The hashmap I meant is one wrapping the one you describe:

  repo -> configset

Or equivalently:

  repo -> (string -> value(s))

> I'm not sure I know what you mean by config variables which are static,
> are you referring to the in-memory options which are populated by
> querying the config?  Those I wouldn't want to see placed in a
> 'repository object'.

Yes. I agree that I wouldn't want to see them placed in a repository
object, but after reading Peff's e-mail, I was thinking of what happens
if a file repeatedly invokes a config-sensitive function in another
file. For example:

 a.c
  for (i = 0; i < 100; i++) b_output(repo, x);

 b.c
  void b_output(struct repository *repo, int x)
  {
   /* print the configured "b.prefix" followed by x */
  }

We probably wouldn't want to parse the repo's configset every time
b_output() is invoked, but then, where to store our parsed "b.prefix"?
The only alternatives I see is to have a static hashmap in b.c (keyed by
repo, as described above), which would work if such a situation is rare
(or can be made rare), but if it is common, maybe we have no choice but
to put it in struct repository.


Re: [PATCH v2 00/32] repository object

2017-06-12 Thread Brandon Williams
On 06/12, Jonathan Tan wrote:
> On Sat, 10 Jun 2017 02:07:12 -0400
> Jeff King  wrote:
> 
> > I do agree that "pass just what the sub-function needs" is a good rule
> > of thumb. But the reason that these are globals in the first place is
> > that there are a ton of them, and they are used at the lowest levels of
> > call chains. So I have a feeling that we're always going to need some
> > big object to hold all that context when doing multi-repo operations in
> > a single process.
> 
> From my experience with the codebase, it seems that most of these config
> variables are static (file-local). This means that the lowest levels of
> call chains could probably get away with storing per-repo configs in a
> static hashmap or associative array keyed by repo (if they cannot just
> pass the config around).
> 
> Having said that, if it did come to the hashmap, I probably would prefer
> just putting the config in the repo object too. So maybe that is the way
> to go.

This is how the config is already handled.  A config_set is just a
wrapper around a fancy hashmap.  Callers query using a string as a key
and are returned the value for that config option.  I say fancy because
it does stuff to handle multiple values, etc.

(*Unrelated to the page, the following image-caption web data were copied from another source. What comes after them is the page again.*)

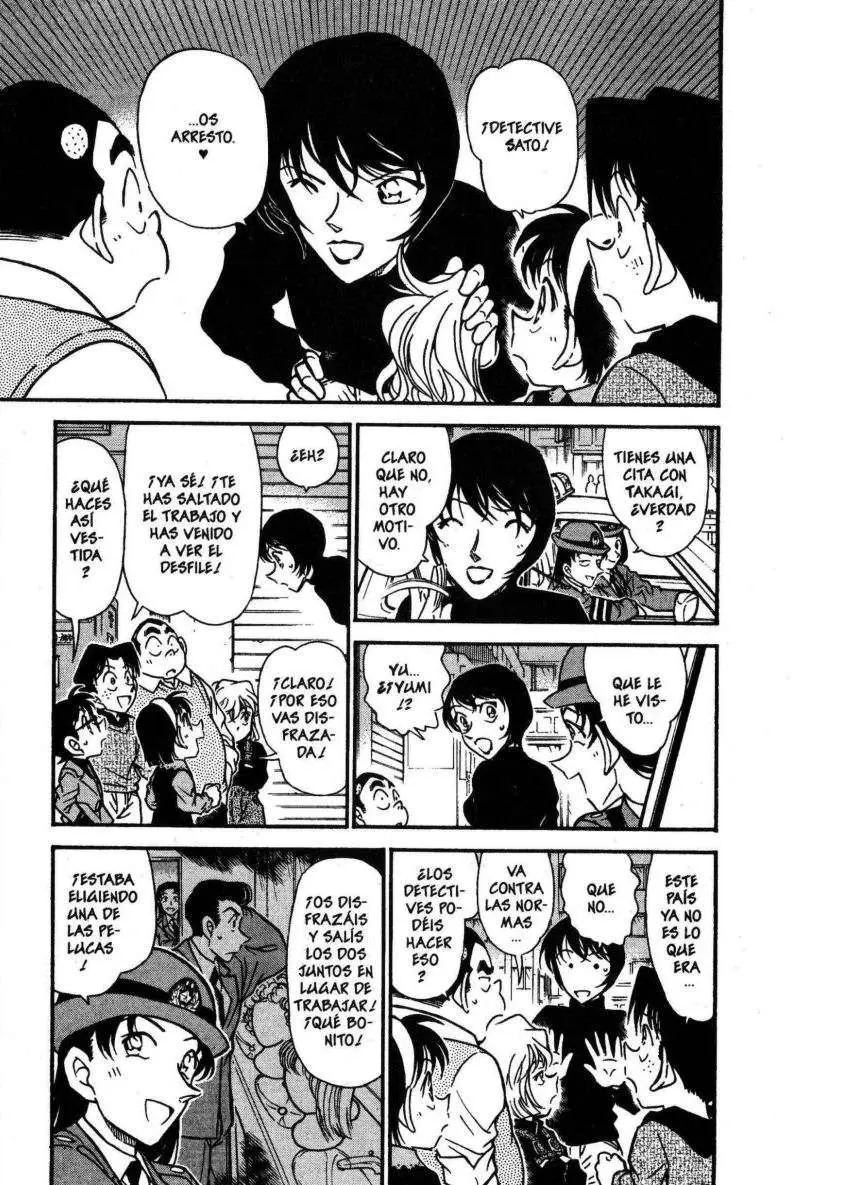 Detective Conan capítulo 366, página 6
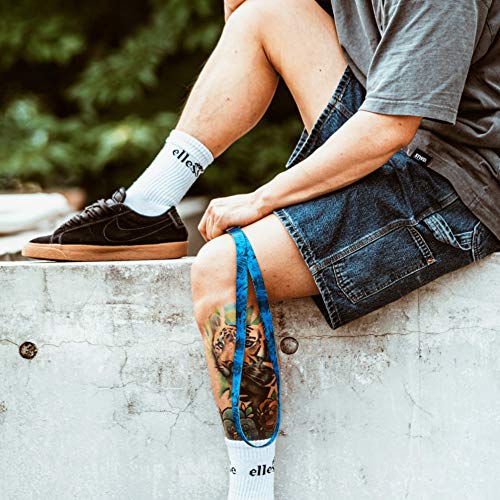 Mngarista Lanyard For Keys, Cool Neck Strap Key Chain Holder, Long Lanyard For Id Badges Wallet #TOP4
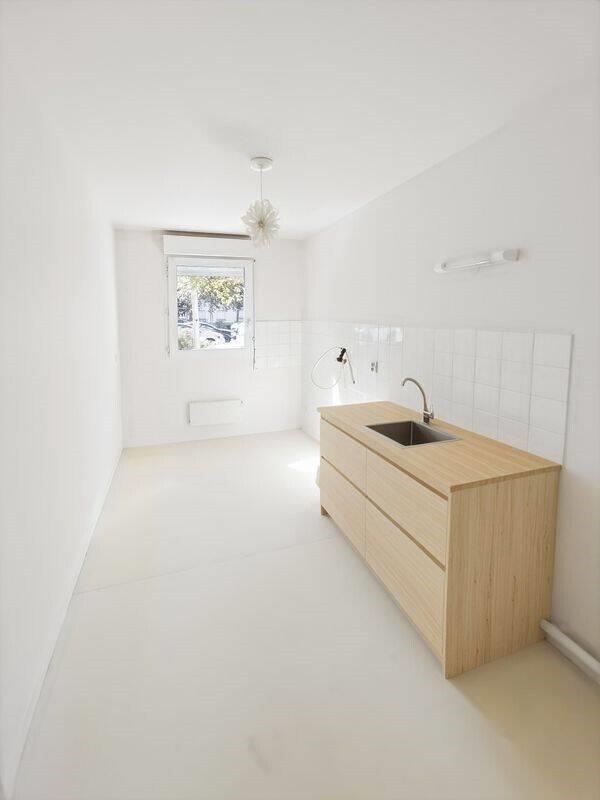 Appartement à vendre, 59m², Orléans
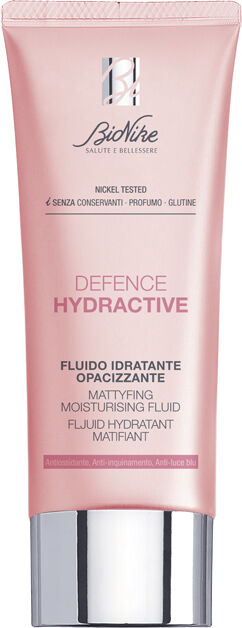 Bionike Defence Hydractive Fluido Idra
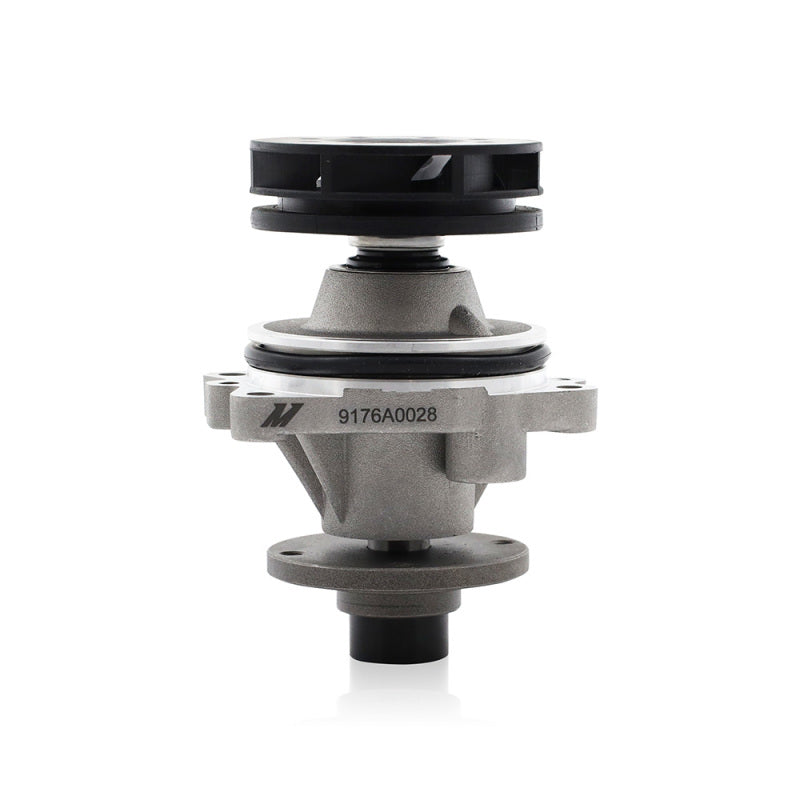 Mishimoto MMWP-M50-92 FITS: 92-99 BMW E36 3-Series M50/M52/S50/S52 Engine Water Pump Water Pumps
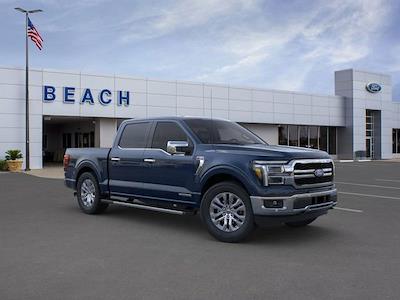 2025 Ford F-150 SuperCrew Cab 4x4 Pickup for sale #F63441 - photo 1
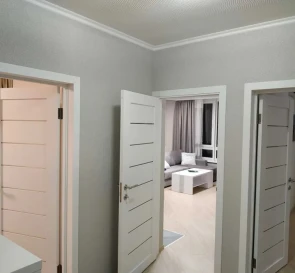 Photo 3. Three-Room flat, to rent. Kyiv Дарницкий район, Slavutych
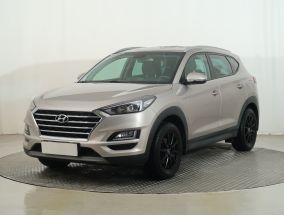 Hyundai Tucson - 2018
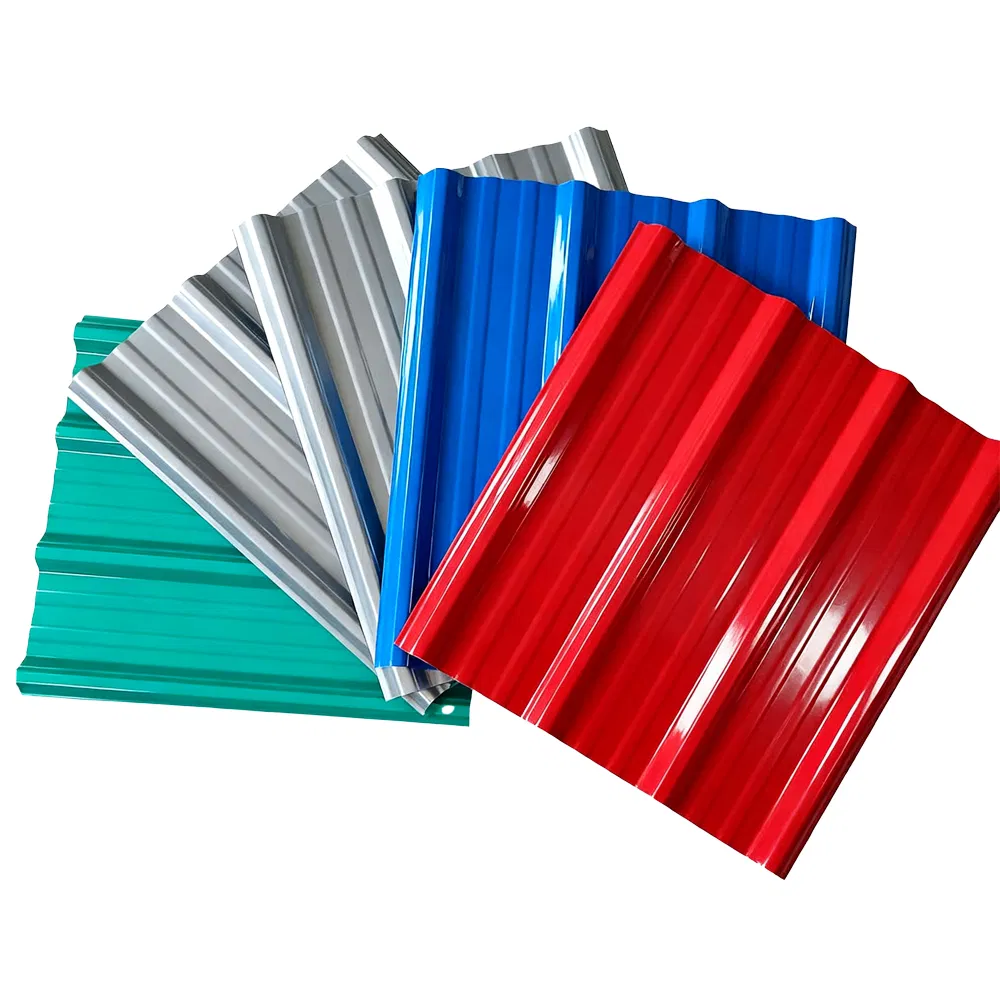 Multi-Color Available Color Coated Insulated Steel Panel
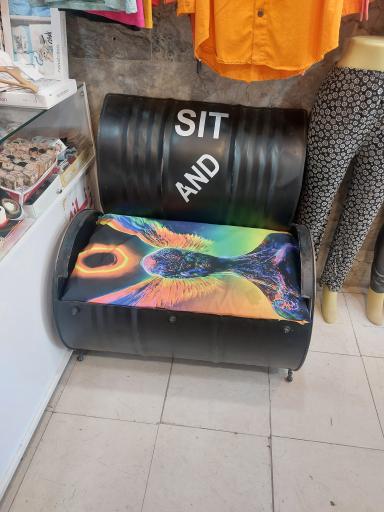 عکس پوشاک تاج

I'm not sure I know what you mean by config variables which are static,
are you referring to the in-memory options which are populated by
querying the config?  Those I wouldn't want to see placed in a
'repository object'.

-- 
Brandon Williams


Re: [PATCH v2 00/32] repository object

2017-06-12 Thread Jonathan Tan
On Sat, 10 Jun 2017 17:43:29 -0700
Brandon Williams  wrote:

> I disagree with a few points of what jonathan said (mostly about
> removing the config from the repo object, as I like the idea of nothing
> knowing about a 'config_set' object) and I think this problem could be
> solved in a couple ways.

Ah...is the plan to eventually delete the git_configset_.* functions and
only have repo_config_get_.* functions? If yes, I would prefer the
in-between state to be "git_config_set_get_int(repo->configset, ...)"
instead of "repo_config_get_int(repo, ...)" to avoid the parallel set of
functions (which will make it more troublesome, for example, to add
support for a new data type) but I can see the benefits of having the
repo_config_get_.* functions too (conciseness and not having to make one
final find-and-replace when we finally complete the migration, at least)
so I don't feel too strongly about this.

> I don't think that the in-memory global variable 'quotepath' (or
> whatever its called) should live in the repository object (I mean it's
> already contained in the config) but rather 'quotepath' is specific to
> how ls-files handles its output.  So really what should happen is you
> pass a pair of objects to the ls-files machinery (or any other command's
> machinery) (1) the repository object being operated on and (2) an
> options struct which can be configured based on the repository.  So when
> recursing you can do something like the following:
> 
>   repo_init(submodule, path_to_submodule);
>   configure_opts(sub_opts, submodule, super_opts)
>   ls_files(submodule, sub_opts);
> 
> This eliminates bloating 'struct repository' and would allow you to have
> things configured differently in submodules (which is crazy if you ask
> me, but people do crazy things).

This does sound good to me.


Re: [PATCH v2 00/32] repository object

2017-06-12 Thread Jonathan Tan
On Sat, 10 Jun 2017 02:07:12 -0400
Jeff King  wrote:

> I do agree that "pass just what the sub-function needs" is a good rule
> of thumb. But the reason that these are globals in the first place is
> that there are a ton of them, and they are used at the lowest levels of
> call chains. So I have a feeling that we're always going to need some
> big object to hold all that context when doing multi-repo operations in
> a single process.

From my experience with the codebase, it seems that most of these config
variables are static (file-local). This means that the lowest levels of
call chains could probably get away with storing per-repo configs in a
static hashmap or associative array keyed by repo (if they cannot just
pass the config around).

Having said that, if it did come to the hashmap, I probably would prefer
just putting the config in the repo object too. So maybe that is the way
to go.


Re: [PATCH v2 00/32] repository object

2017-06-11 Thread Stefan Beller
On Fri, Jun 9, 2017 at 11:07 PM, Jeff King  wrote:
> On Fri, Jun 09, 2017 at 05:40:34PM -0700, Jonathan Tan wrote:
>
>> Before I get into the details, I have some questions:
>>
>> 1. I am concerned that "struct repository" will end up growing without
>> bounds as we store more and more repo-specific concerns in it. Could it
>> be restricted to just the fields populated by repo_init()?
>> repo_read_index() will then return the index itself, instead of using
>> "struct repository" as a cache. This means that code using
>> repo_read_index() will need to maintain its own variable holding the
>> returned index, but that is likely a positive - it's better for code to
>> just pass around the specific thing needed between functions anyway, as
>> opposed to passing a giant "struct repository" (which partially defeats
>> the purpose of eliminating the usage of globals).
>
> I think the repository object has to become a kitchen sink of sorts,
> because we have tons of global variables representing repo-wide config.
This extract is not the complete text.